Low-fat recipes and meal ideas
With a little creativity, you can adapt favorite recipes to be lower in fat and calories. Here are some delicious low-fat meal ideas to try:
- Oatmeal made with skim milk, topped with fruit and nuts
- Egg white omelet with veggies
- Whole grain toast with sliced banana
- Greek yogurt parfait with granola and berries
- Peanut butter and low-sugar jelly on whole wheat bread
- Soup and salad – chicken noodle soup with mixed greens salad
- Veggie wraps with hummus in whole wheat tortilla
- Open-faced sandwiches with lean protein, veggies, and mustard
- Quinoa tabbouleh salad with chickpeas and feta
- Tuna or salmon salad over greens with balsamic vinaigrette
- Chicken or shrimp stir fry with broccoli and brown rice
- Zucchini noodles with marinara, turkey meatballs, and parmesan
- Baked cod with herb seasoning and roasted Brussels sprouts
- Black bean tacos on corn tortillas with salsa and guacamole
- Turkey chili with butternut squash over quinoa or brown rice
- Fresh fruits and vegetables
- Air-popped popcorn
- Whole grain crackers with hummus or avocado
- Nonfat Greek yogurt with nuts and cinnamon
- Cottage cheese with tomato and pepper slices
- Apple slices with natural peanut butter
- Kale chips seasoned with sea salt
Foods to limit on a low-fat diet
When following a low-fat eating pattern, you’ll want to cut back on these foods that tend to be higher in saturated fat, trans fat, and total fat:
- Fatty cuts of meat like bacon, sausage, ribs, hot dogs, cold cuts, prime rib
- Whole milk, 2% milk, full-fat cheese and ice cream
- Butter, cream, sour cream, whipped cream
- Lard and shortening
- Palm and coconut oils
- Baked goods like cookies, cakes, muffins, doughnuts, croissants
- Fried foods
- Fast food like burgers, chicken nuggets, fries
- Chips, crackers, pretzels, and buttery popcorn
- Creamy sauces and gravies
- Salad dressings, mayonnaise, creamy dips
Tips for dining out on a low-fat diet
You don’t have to avoid restaurants completely when limiting your fat intake. With some simple strategies, you can still enjoy meals out while sticking to your healthy eating goals:
- Research the menu online and decide what to order ahead of time.

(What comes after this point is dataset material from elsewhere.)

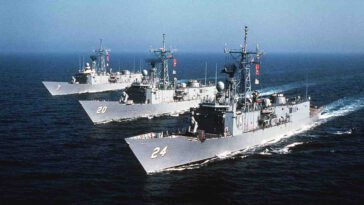 VSE تقدم أعمال الدعم لسفن البحرية المصرية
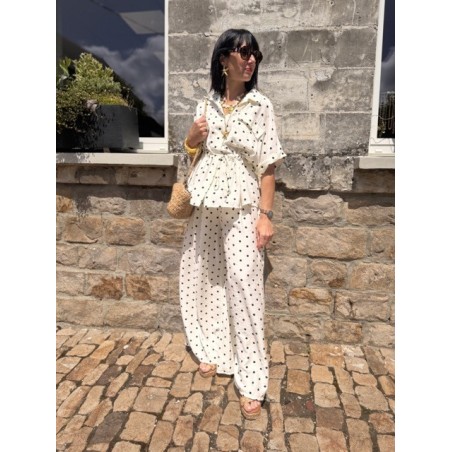 Ensemble fluide noir et blanc à pois – pantalon large & haut ceinturé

- Opt for grilled, baked, broiled, poached, or roasted preparations.
- Request sauces and dressings on the side.
- Ask if dishes can be prepared without added butter or oil.
- Choose a green salad with vinegar dressing or a broth-based soup to start.

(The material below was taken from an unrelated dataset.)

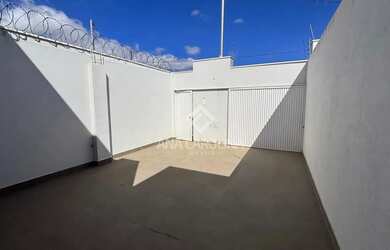 Imagem 2: Linda Casa à Venda no Bairro Vila Campos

- Share an entree with a friend or take half home for later.
- Substitute vegetables or fruit instead of fries or chips.
- Ask for whole wheat breads and pasta in place of white varieties.
Following a low-fat diet full of fruits, vegetables, lean proteins, whole grains, and healthy fats can help you feel great while improving your overall health. The key is choosing naturally low-fat foods rather than highly processed “diet” products. With some simple substitutions and adjustments to cooking techniques and recipes, it’s easy to create satisfying low-fat meals at home or when dining out.